** Data to process follows **

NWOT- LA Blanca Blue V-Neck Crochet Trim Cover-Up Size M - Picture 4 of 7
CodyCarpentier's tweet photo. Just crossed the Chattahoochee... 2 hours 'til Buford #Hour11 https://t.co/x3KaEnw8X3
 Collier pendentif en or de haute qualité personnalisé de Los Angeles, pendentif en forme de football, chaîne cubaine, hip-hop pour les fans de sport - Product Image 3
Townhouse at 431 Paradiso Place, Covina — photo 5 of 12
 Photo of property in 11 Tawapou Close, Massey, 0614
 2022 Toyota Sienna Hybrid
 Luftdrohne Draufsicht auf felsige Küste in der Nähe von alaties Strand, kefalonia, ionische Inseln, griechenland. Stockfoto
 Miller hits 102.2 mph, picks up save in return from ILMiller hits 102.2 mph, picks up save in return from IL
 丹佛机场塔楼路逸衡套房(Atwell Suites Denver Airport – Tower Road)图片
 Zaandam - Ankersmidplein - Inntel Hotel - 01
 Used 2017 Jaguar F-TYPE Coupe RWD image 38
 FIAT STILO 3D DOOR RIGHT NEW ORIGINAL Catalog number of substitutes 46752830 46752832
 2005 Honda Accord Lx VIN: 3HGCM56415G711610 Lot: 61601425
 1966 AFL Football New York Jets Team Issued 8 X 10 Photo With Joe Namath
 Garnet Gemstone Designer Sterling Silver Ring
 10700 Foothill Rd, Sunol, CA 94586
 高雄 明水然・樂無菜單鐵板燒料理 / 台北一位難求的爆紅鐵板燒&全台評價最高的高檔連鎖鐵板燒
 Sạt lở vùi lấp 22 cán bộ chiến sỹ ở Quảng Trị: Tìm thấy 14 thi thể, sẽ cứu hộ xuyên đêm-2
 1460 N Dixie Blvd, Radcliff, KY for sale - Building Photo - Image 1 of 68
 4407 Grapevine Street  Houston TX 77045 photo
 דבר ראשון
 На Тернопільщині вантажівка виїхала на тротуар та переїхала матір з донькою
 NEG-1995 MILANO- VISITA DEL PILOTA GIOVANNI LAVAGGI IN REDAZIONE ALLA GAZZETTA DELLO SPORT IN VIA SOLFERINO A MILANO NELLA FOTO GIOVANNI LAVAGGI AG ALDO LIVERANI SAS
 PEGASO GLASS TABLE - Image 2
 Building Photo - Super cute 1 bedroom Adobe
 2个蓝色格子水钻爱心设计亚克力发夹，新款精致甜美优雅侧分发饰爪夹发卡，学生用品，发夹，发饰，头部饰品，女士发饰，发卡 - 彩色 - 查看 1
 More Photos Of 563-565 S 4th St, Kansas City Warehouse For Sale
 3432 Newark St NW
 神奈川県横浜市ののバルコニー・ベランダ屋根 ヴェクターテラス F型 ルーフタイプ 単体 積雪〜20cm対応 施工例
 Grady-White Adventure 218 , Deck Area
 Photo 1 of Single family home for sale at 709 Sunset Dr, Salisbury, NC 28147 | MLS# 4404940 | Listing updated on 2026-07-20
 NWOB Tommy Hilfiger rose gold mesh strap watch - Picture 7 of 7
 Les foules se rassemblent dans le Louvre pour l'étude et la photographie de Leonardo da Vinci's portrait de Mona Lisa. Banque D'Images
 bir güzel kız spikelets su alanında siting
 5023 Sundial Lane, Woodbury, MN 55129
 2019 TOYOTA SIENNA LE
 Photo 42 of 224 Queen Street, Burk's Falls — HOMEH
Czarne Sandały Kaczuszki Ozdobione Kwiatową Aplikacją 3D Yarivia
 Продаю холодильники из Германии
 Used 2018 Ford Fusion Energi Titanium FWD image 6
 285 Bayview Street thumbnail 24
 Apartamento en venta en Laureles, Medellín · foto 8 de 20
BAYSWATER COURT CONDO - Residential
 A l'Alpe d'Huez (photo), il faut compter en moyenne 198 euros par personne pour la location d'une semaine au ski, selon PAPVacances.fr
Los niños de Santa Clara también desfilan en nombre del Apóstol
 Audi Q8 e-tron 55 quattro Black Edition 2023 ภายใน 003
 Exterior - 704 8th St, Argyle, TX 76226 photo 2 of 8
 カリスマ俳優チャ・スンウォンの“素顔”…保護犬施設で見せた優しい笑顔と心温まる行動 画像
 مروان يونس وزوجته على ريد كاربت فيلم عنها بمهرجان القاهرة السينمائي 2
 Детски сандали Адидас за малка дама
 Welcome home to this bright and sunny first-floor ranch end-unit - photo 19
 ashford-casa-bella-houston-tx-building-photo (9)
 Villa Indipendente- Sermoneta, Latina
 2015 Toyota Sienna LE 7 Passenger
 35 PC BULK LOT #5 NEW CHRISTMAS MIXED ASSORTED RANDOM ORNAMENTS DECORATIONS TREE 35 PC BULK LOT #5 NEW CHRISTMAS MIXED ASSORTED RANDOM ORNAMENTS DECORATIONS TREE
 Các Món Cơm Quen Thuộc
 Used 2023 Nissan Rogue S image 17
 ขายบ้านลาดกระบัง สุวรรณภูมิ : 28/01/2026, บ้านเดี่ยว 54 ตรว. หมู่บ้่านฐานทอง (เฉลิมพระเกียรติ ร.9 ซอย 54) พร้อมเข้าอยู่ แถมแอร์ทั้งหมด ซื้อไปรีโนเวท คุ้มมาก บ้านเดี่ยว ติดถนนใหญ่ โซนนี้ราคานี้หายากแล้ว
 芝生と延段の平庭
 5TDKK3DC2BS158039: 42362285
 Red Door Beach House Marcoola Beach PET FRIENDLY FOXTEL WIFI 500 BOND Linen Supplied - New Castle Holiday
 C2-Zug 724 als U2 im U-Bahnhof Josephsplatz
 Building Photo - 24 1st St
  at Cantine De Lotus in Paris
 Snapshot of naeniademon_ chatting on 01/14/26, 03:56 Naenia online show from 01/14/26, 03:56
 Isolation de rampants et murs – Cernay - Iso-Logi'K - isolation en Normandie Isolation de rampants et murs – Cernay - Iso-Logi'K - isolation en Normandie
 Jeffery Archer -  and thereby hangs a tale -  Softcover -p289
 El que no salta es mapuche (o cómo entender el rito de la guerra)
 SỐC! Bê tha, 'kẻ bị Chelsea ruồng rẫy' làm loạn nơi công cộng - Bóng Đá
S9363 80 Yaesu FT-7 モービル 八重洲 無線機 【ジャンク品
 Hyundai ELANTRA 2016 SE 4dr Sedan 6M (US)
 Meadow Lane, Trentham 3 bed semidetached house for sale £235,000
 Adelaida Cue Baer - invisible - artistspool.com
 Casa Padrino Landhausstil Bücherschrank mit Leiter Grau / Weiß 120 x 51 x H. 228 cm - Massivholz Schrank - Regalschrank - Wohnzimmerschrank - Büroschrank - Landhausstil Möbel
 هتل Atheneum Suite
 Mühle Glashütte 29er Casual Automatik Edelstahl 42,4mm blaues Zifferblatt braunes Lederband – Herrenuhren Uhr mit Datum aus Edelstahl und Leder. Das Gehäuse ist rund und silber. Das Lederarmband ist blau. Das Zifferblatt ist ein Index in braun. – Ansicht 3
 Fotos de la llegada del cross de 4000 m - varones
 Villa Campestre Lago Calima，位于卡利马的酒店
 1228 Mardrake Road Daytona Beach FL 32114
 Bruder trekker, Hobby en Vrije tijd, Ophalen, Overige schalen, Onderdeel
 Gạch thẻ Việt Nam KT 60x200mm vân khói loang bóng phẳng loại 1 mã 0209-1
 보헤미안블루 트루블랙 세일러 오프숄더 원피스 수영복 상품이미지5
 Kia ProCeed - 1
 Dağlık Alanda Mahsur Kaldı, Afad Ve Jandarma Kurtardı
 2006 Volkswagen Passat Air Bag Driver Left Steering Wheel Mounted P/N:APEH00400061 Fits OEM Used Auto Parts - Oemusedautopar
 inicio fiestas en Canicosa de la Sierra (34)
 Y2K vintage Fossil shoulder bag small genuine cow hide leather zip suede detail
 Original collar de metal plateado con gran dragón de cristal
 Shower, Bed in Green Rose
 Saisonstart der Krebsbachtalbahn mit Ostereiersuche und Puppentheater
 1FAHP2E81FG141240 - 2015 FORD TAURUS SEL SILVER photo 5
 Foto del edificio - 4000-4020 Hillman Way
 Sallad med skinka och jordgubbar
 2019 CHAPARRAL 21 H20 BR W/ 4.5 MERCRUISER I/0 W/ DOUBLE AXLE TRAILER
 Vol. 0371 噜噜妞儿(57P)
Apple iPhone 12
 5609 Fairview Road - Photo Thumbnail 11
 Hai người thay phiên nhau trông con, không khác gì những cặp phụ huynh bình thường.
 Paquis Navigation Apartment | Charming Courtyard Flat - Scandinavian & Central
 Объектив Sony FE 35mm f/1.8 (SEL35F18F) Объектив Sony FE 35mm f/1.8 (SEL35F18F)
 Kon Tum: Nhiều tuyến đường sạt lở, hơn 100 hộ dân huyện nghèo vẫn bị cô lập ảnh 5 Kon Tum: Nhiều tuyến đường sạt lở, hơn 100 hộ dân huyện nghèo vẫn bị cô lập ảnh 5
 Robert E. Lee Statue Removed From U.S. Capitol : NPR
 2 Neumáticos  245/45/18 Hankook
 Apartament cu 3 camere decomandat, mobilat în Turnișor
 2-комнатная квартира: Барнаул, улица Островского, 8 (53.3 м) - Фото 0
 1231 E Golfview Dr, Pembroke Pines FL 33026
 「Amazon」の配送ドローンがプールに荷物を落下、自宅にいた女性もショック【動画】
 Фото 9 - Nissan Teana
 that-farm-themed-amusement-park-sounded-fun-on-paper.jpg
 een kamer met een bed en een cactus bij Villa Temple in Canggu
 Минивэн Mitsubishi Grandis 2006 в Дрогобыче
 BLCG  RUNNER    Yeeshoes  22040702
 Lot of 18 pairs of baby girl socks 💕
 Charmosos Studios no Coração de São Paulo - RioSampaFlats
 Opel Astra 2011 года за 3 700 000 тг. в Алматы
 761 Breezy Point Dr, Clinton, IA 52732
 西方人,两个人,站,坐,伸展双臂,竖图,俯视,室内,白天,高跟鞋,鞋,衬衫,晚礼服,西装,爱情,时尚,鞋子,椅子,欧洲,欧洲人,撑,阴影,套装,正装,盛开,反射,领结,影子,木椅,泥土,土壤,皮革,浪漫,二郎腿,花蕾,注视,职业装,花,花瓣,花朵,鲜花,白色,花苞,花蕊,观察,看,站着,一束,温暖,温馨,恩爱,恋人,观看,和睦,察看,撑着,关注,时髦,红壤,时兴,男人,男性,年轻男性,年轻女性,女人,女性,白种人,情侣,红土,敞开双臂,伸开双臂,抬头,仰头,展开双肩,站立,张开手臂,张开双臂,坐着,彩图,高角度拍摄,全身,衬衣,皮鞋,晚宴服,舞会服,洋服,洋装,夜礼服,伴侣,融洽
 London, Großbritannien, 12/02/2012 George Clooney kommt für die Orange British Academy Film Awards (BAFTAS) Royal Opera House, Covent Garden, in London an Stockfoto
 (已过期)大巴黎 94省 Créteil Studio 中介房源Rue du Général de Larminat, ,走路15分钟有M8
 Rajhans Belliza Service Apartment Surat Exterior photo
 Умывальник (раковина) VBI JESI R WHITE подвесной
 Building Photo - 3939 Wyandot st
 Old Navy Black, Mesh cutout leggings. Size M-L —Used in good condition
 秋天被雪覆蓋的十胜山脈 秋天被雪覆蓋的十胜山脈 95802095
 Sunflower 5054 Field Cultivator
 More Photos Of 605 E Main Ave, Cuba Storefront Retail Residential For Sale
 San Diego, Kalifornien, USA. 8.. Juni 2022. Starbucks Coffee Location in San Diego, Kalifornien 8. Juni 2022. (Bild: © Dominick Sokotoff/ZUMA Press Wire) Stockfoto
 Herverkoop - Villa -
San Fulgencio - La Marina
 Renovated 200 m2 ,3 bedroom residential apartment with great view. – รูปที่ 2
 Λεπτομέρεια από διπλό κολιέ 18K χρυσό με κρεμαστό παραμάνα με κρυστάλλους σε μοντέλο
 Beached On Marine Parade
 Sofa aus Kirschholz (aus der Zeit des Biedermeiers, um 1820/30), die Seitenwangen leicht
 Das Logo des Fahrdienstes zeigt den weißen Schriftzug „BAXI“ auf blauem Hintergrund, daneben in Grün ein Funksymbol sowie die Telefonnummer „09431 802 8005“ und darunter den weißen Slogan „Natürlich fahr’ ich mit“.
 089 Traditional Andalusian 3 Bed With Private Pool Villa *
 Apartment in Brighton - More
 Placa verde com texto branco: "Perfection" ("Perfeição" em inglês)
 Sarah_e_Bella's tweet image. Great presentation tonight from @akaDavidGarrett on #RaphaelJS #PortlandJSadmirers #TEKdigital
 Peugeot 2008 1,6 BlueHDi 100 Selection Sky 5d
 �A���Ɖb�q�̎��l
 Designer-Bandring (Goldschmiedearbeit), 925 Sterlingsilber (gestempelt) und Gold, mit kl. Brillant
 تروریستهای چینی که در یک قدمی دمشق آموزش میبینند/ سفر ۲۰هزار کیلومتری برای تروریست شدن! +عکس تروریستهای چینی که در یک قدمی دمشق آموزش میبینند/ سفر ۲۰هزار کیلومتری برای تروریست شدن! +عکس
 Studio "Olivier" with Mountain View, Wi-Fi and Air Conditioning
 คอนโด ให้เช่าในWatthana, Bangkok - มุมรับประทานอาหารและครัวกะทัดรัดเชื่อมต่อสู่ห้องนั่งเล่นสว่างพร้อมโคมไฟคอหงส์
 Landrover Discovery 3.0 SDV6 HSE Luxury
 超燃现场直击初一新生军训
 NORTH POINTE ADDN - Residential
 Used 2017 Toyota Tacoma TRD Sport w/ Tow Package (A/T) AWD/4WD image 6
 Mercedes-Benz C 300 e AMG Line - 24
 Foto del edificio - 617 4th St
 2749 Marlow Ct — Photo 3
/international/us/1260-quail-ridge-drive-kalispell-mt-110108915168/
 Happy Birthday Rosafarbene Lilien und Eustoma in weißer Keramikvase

** End of Data to process **

**Exercise directions**
All lines in the entries above that hold the word "Nissan" need to be copied.

**Answer area**
 Used 2023 Nissan Rogue S image 17
 Фото 9 - Nissan Teana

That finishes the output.